WHAT TO DO: Search the material for the string "location", then return every line where it is found.

RECORDS FOR THIS EXERCISE:
▬▬▬
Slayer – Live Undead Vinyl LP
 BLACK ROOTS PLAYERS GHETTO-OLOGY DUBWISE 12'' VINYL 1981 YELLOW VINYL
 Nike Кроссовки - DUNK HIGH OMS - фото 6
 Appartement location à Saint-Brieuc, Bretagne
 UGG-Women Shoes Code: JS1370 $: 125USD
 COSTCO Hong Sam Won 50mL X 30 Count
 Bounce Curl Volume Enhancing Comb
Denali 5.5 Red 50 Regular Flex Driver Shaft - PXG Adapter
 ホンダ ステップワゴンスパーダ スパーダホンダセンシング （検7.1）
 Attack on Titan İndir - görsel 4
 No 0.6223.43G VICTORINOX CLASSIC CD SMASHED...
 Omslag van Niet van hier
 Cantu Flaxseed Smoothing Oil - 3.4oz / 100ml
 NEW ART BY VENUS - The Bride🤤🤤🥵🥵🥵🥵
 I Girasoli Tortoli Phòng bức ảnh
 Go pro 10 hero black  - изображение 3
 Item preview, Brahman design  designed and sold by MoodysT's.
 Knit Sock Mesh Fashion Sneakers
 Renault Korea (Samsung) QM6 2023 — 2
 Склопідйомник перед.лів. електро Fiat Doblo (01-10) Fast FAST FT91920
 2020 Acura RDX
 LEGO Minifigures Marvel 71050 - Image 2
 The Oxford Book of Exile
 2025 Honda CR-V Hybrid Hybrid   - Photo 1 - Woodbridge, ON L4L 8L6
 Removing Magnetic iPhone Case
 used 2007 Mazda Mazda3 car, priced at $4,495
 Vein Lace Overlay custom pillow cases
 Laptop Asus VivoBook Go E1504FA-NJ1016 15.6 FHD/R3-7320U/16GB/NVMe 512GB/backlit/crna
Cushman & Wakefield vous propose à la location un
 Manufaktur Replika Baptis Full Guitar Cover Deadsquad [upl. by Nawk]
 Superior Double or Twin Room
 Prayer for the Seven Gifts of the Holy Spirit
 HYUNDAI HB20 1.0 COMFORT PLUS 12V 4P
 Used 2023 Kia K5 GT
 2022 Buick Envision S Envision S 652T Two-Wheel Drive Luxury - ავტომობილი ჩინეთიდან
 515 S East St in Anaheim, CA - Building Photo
▬▬▬
EXERCISE OUTPUT:
 Appartement location à Saint-Brieuc, Bretagne
Cushman & Wakefield vous propose à la location un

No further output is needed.